Of the proceeds, $1 billion will be spent on upgrading Parramatta and ANZ stadiums and refurbishing Allianz Stadium, and $1.6 billion will be deposited into Restart NSW fund. About a third will be spent in regional areas.
The government has entered into a binding agreement with Australian Registry Investments (ARI), which is 80 per cent owned by Australian investors (including Hastings and First State) and 20 per cent by RBS Pension Trustee in London.
NSW Premier Gladys Berejiklian and Treasurer Dominic Perrottet announcing that Hastings and First State have won the right to run LPI. Photo: Jessica Hromas
The Hastings-First State consortium beat three rival bidders: Macquarie’s Macquarie Infrastructure and Real Assets (MIRA) with Link Group, Canadian infrastructure giant Borealis with Computershare, and The Carlyle Group.
Fairfax Media revealed The Carlyle Group had set up entities to potentially house LPI that were ultimately owned by a company in the Cayman Islands.
Protesters in front of NSW Parliament House demonstrating against the NSW government’s privatisation of the Land Titles Registry. Photo: Kate Geraghty
Hastings and First State have now gained the “first mover advantage” and are in pole position to grab other land titles registries across Australia.
It is advised by Advara, a partially privatised subsidiary of the Western Australian government, that harbours strong ambitions to roll out its “next-generation, scalable, cloud-based, land registry platform”.
South Australia is in the midst of selling off its registry. However, the Labor-run Victorian, Queensland and Northern Territory governments have told Fairfax Media they have no plans to follow suit.
The NSW government said there would be no need for title insurance as titles would continue to be guaranteed, price rises for regulated products would be capped at CPI, and the Registrar General would have stronger powers.
“Combined with the tight regulatory framework we have established, the investment, innovation and experience ARI will bring mean citizens can expect a better experience,” Mr Perrottet said.
Ms Berejiklian said the government consulted with and appreciated working with stakeholders, and their concerns had been “laid to rest”.
The Law Society continues to oppose the privatisation, saying there was a lack of consultation and transparency.
John Cunningham, president of the REINSW, said he was disappointed that a “sacrosanct” asset was now in private hands and rejected suggestions their concerns were addressed.
“They didn’t, that’s why … all other property-related bodies were opposed to it, they felt they weren’t listened to,” he said.
Michael Green, president of the Institution of Surveyors, said it was not consulted.
“Right from the very start [early 2016], in our meetings with Treasury officials, we were told what was happening and there was no room for discussion,” he said.
Andrew Day, chief executive of Hastings, said it recognised the critical role LPI plays in supporting the proper functioning of the real estate market.
“We have a shared focus on maintaining data security and reliability, and investing in new and innovative ways to provide land titling and registry services,” he said.

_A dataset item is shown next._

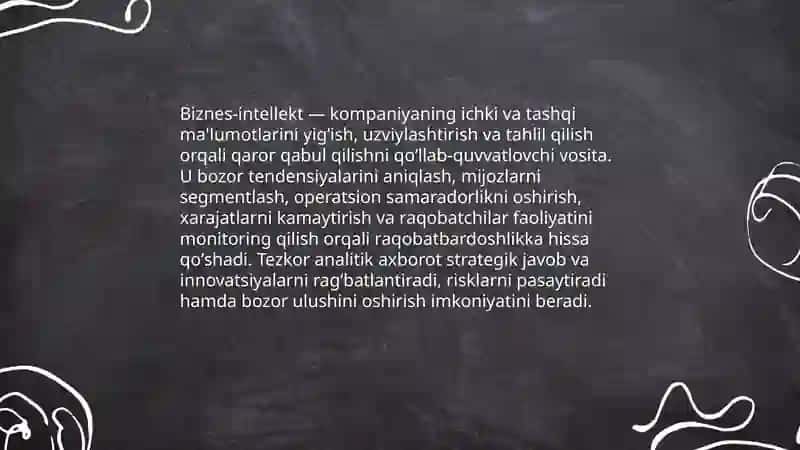 Biznes-intellekning roli raqobatdoshlikni oshirishda 3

The government said there were safeguards, including step-in and termination rights if something goes wrong.
Security of title will remain unchanged as the government will continue to guarantee title and operate the Torrens Assurance Fund, which compensates landowners who suffer a loss due to fraud or error on the register.
The transition to the new operator is expected to be finalised over the coming months.
The Hastings-First State consortium has received approval from Commonwealth regulators including the Australian Taxation Office, the Australian Competition and Consumer Commission and the Foreign Investment Review Board.
Mitchel Hanlon, a surveyor and president of the Tamworth branch of the NSW Liberal Party, said he believed the government had underpriced LPI and questioned his party membership.
Labor, the Greens, and the Shooters Fishers and Farmers parties all voted against the legislation enabling the transaction. It went through last September with the vote of Christian Democrats leader Fred Nile.
A spokesperson for Greens MP Justin Field said: “The Greens oppose the land titles sale and will watch closely to make sure its private owners meet the requirements of the concession legislation.”
The Public Service Association said the lease was “the most appalling fire sale decision”.
The Concerned Titles Group, consisting of title, surveying and legal experts, said those who value their financial security and personal data should be worried.
“[It] will no longer be maintained and managed locally in NSW hands, but let out to entities potentially outside our jurisdiction, to manage for their own financial advantage, not ours,” it said.